"Senator Johnson, sir?" Mrs. Adams, my executive secretary, calls from the outer office.

I'm sitting, trying to make a little sense out of next year's budget and having little luck in the endeavor. At 1,257 pages, it's damned heavy -- as is the verbiage. And that's only the one sent in by my state. The national one, the one I should be perusing, is fifty-trillion times that large, and proportionate in complexity. I received it last Tuesday and we're to vote on it tomorrow. Thank the Lord for assistants.

As she speaks, I raise tired eyes at a clock across the desk, almost eight. Most of congress will be home by now, getting ready for a party at the Russian embassy, and I haven't even left my office.

"Sir, your wife's on the phone. She wants to know when you'll be home?" Mrs. Adams continues. I know she's also anxious to leave.

"All right, Edna. And you can go. I won't need you any more today."

I pick up my favorite telephone, one of the old wired-types. I hate those cellphone things and would never own one of the bastards. I have little enough privacy now and would have none with a cellphone. The only privacy left is in my car and on the bathroom throne. I can't imagine taking a crap while talking to the President or my party leaders at the same time.

I push the one lit button on the device, number seven out of nine. Edna could have put it through on any of the others, but I have that particular button marked "B" for "Bitch" in a large Stickum letter. The button's reserved for Julie, my other half. One of these days, when I think of it and have time, I'll change it to "W" for "Whore."

"Yes, precious?" I answer, eyes rolling at my reflection on an ornate wall mirror.

"You better get your ass home, dear, or I'm going to call Phillip. He'd love to take me."

She means the party, of course.

Phillip takes her to many a party, including those in half-ass hotel rooms. I know it and she knows I know it. I have to put up with the humiliation since she knows too damned many secrets about my past, could have my ass on a platter. I'm more careful now, but she's been in on some of my earlier schemes -- the ones when I first ran for office. Now she has me by the short-hairs. Scandal sheets would love to interview her.
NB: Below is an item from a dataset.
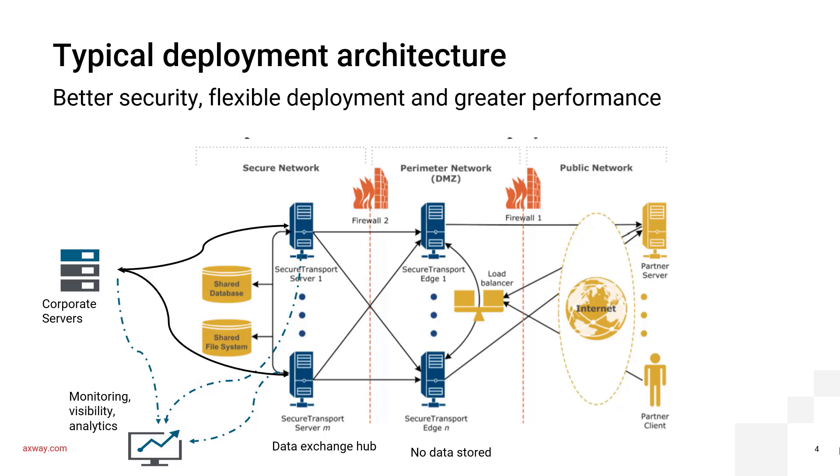The footprint behind the firewall, where the MFT data exchange hub is installed becomes the reverse proxy to the external world. This is a secure zone and this is where your external partners and your internal applications will be logging in to exchange data files. The data exchange hub also hosts the rules engine that automates all of the workflow processing. As your data traffic and partners grow, you would need to scale this installation as well. This installation can be scaled easily with multi-node clustering.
"I'm on my way, precious." I hang up carefully, resisting the urge to slam that damned thing into its plastic cradle.

I know the phone's bugged. All our phones are since this damned terrorist scare. The FeeBIes aren't supposed to be allowed to eavesdrop on us lawmakers. Ha! That's a bunch of bull. I do have a definite advantage, though, by being in the right political party.

"It's just in case, sir," the FBI installer told me. "In case a terrorist would call you. Better to have the bug in place and not need it, than to need it and not have it in place." Crap.

I get up, stretch, and look out a window. It overlooks the top level of the parking garage and I can see my Lincoln sitting alone in a corner. The rest of the huge concrete space is cloaked in moonlight, with one lone light pole shining right onto my vehicle. That's why I park there.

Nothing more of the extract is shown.